Read Trial by Fire - eARC Online

Authors: Charles E. Gannon

Trial by Fire - eARC (27 page)

She realized she had inadvertently started glancing at the contents, had a quick impression of old photographs and news clippings. She shut the manila folder swiftly, heart racing. She had faced death on a battlefield frequently, and yet nothing had ever induced this particular species of terror—because this one was laced with guilt, as well. Which was foolish. Because after all, she hadn’t stolen Caine’s file; she had only
borrowed
it. And she hadn’t done so to satisfy her
own
curiosity. She had done it to help him. Only to help him.

She looked around her, discovered that she had somehow navigated herself to the correct street corner, and raised a hand. A driverless cab smoothly swerved across two lanes of traffic and came to a stop beside her.

The taxi was requesting the address and she was giving it, but that was happening someplace else, as if it was in a side closet of her mind. Because as soon as she had stepped inside the vehicle, was beyond Downing’s reach, she knew the truth of what she was doing.
You’re a liar, Opal. This isn’t about Caine. This is about you, worrying that there’s something in those one hundred hours that could come between the two of you. Maybe he hooked up with some old girlfriend, there, or maybe—

She felt suddenly nauseated. At herself.
So now you’re jealous of ghosts that might not even exist, Opal? How pathetic is that?

The question remained unanswered. She was too busy getting the encircling rubber band off the manila folder so she could devour its hated and feared contents.

Letters he sent to friends. High school records. A picture with a girl—but only a skinny, coltish girl—before a prom. It was a funny picture, too; he was kind of gangly as a kid. Pictures of his house on the Chesapeake Bay. Another, much earlier one with several teeth missing from his warm and easy smile, his silver-maned father with an arm around his shoulder, and some kind of sports field behind them. She studied his faintly freckled face and tousled hair. It was impossible to reconcile that boyish image with the mental portrait she had of the man whom fate had turned into an operative code-named Odysseus.

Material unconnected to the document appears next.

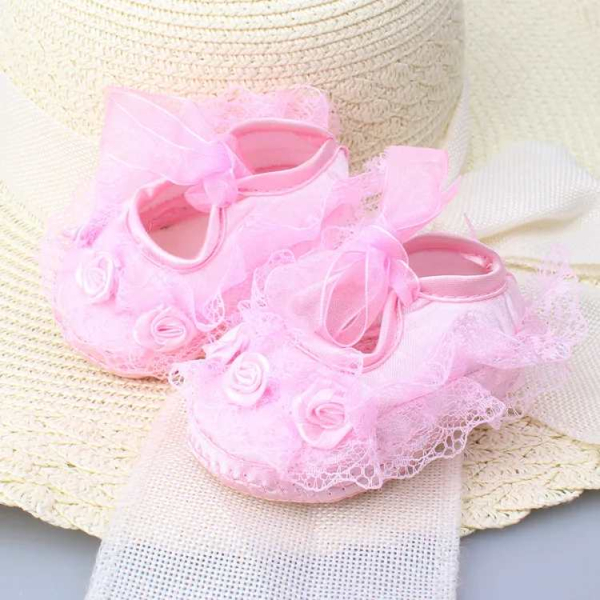 Süss: Babyschuhe mit Blüten und Spitzen - weiss oder rosa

There were printouts of the first articles he published as a kid in the local paper, then later in
Time
, then reviews of his books, letters to publishers and editors that lauded him, castigated him, and finally eulogized him.

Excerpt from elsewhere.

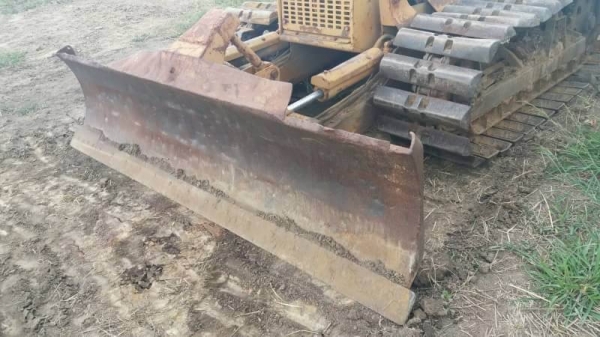 ขายด่วนแทรกเตอร์ตีนตะขาบ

She came to the end of the folder. And had discovered absolutely nothing useful. Somewhere far away, the taxi announced that their arrival was imminent.

She looked down at the ravaged pieces of Caine’s life, scattered in her lap.
What have I done? Or, more importantly, why did I need to do this? Because I’m afraid I’ll never see him again? Or that I will—only to find he has someone to go back to, a life in which I can have no part?

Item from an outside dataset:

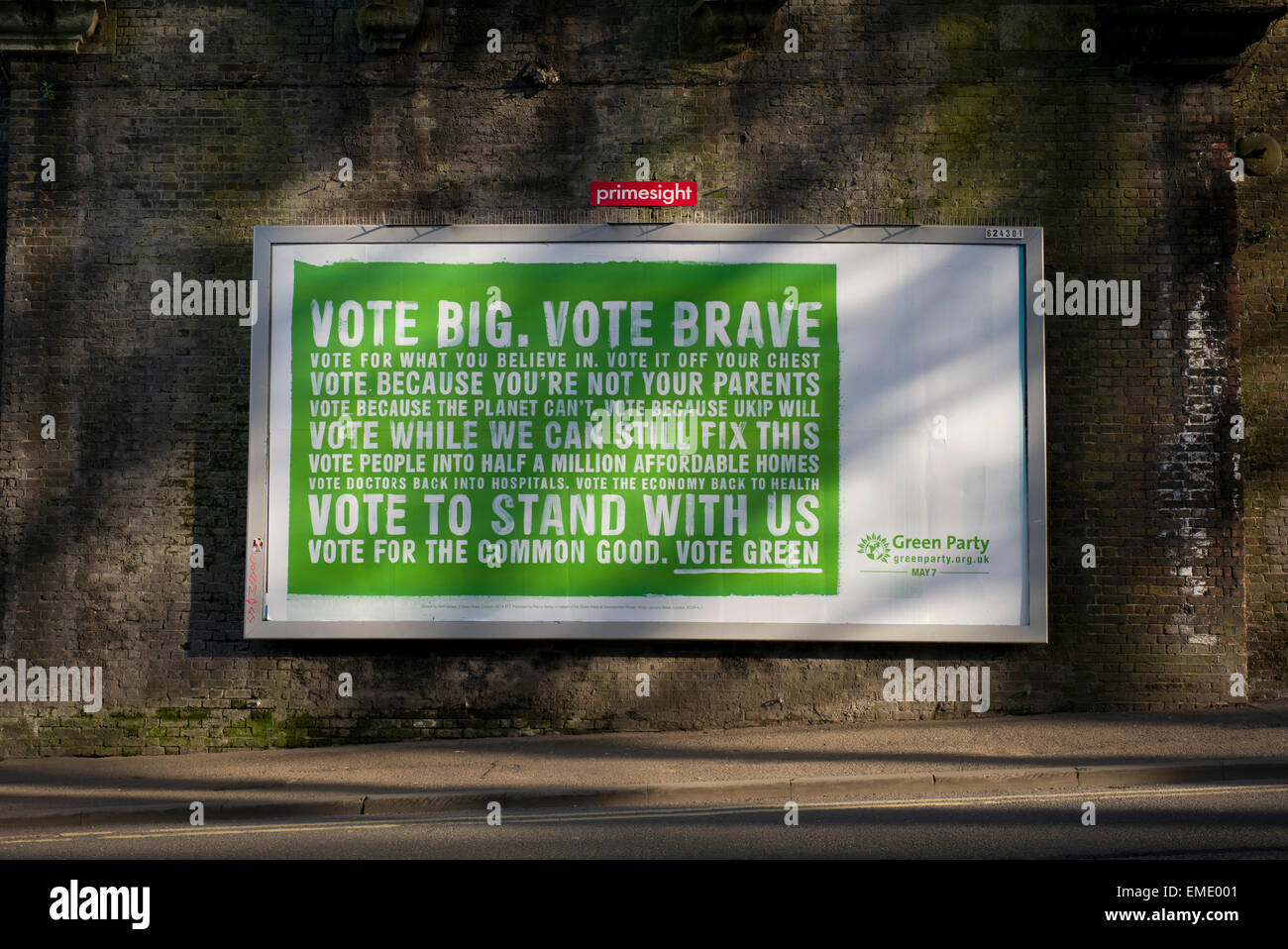 Partito verde campagna di manifesti, la luce solare e le ombre, elezioni generali 2015, Brighton, Regno Unito Foto Stock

She closed the folder slowly.
And now I can’t undo what I’ve done. Even if Downing never notices this file is missing, even if I return it first, I still stole it. Stole it to quiet my fears—but at the expense of what little privacy Caine has left.
She looked up without seeing the dusk-darkening streets, tried to will away the two tears—one from each eye—that struggled free of her lower eyelids and streaked swiftly down each cheek.
Damn me. Damn me
.

This time, when the taxi’s robot voice announced her arrival, she heard it. “Now at Bethesda Hospital, Maternity Annex. Eleven dollars, please.”

 

Chapter Seventeen

Over West Java, Earth

Sitting beside Darzhee Kut, Yaargraukh peered out rear of the extended cockpit canopy. The waves scudding beneath them were now occasionally distressed by small rocks, diminutive islands. “We are approaching the landing zone.”

Darzhee Kut clasped to his seat more tightly. This was a part of his calling that he had never envisioned. “How soon until we arrive?”

“Ten minutes,” answered the Arat Kur at the controls. “Assuming—”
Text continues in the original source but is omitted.